Seribu dari mereka pecah menjadi berhelai-helai kelopak bunga lili salju, mekar dan berterbangan di sekitar Ilmuan Langit yang tak berdaya.

[Sihir Es]

[Tingkat 7]

"(Janji Seribu Tombak)"

"Mariis Fuirumuka!"

Para mahkota itu pun bersatu kembali menjadi seribu tombak es yang mengelilingi tiap sisi penjara, mereka semua bergerak mengikuti alunan tongkat Naema. Gadis itu lalu mengangkat tongkatnya tinggi-tinggi dan secara bersamaan tombak-tombak itu bergerak menjauh dari penjara es.

"!!!"

Para penyihir memandang Naema dengan ketakutan menyelimuti sekujur tubuh mereka, mulut mereka menggigil, tangan mereka menggenggam erat jeruji penjara, menggoyang-goyangnya, berharap bongkahan es itu hancur dan membuka jalan untuk mereka.

Tapi yang mereka dapatkan hanyalah tatapan dingin dari hati yang telah membeku, seorang iblis kini tengah berdiri di hadapan mereka.
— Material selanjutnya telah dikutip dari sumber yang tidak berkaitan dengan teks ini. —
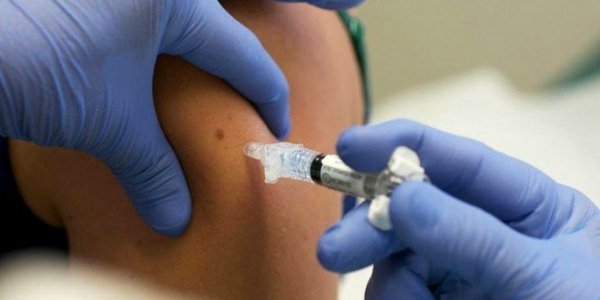 Vaccinarea anti-HPV gratuită, extinsă și la băieți. Rafila: "Până la 18 ani vor avea dreptul de a se vaccina gratuit, la fel ca și fetele"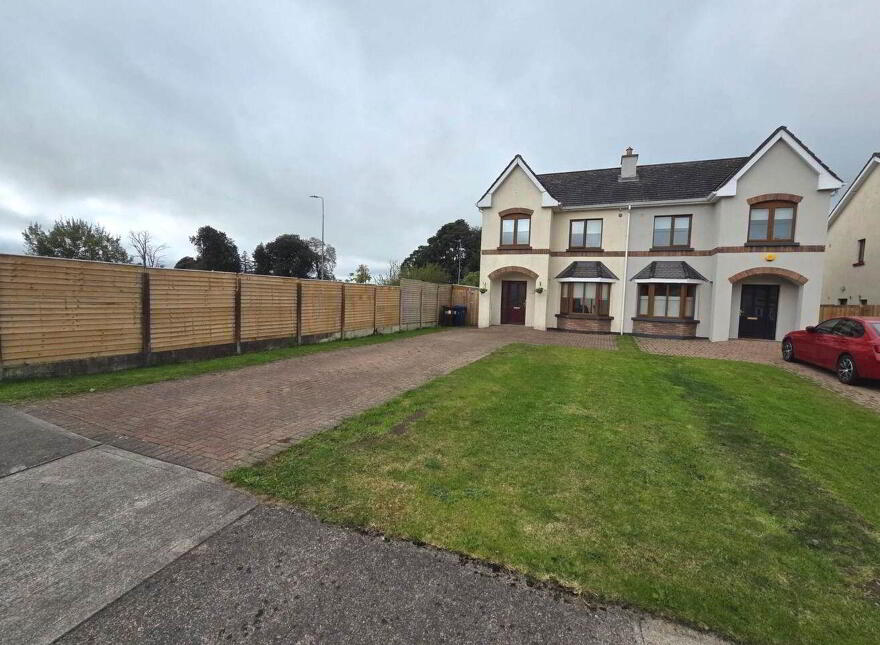 77 Meadowbrook, Tulsk, F45WD83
Satu-satunya harapan adalah untuk Naema berbaik hati, dan memberikan mereka kematian langsung, tanpa rasa sakit.

Walau gadis itu mungkin memang anak yang manis dengan sikap yang menyejukkan dada, tapi ia tetaplah putri dari masyarakat suku Es. Dan ketika angin dingin berhembus di medan perang, hati mereka ikut membeku, di dalam dinginnya pertempuran. Berbaik hati, tak ada di kamusnya.

"Memang sudah seharusnya dirimu seperti ini..."

"Mulai sekarang, jika Dunia ini membuatmu marah, maka murkalah... aku akan selalu ada di sana untuk mengemban tiap tanggung jawabmu."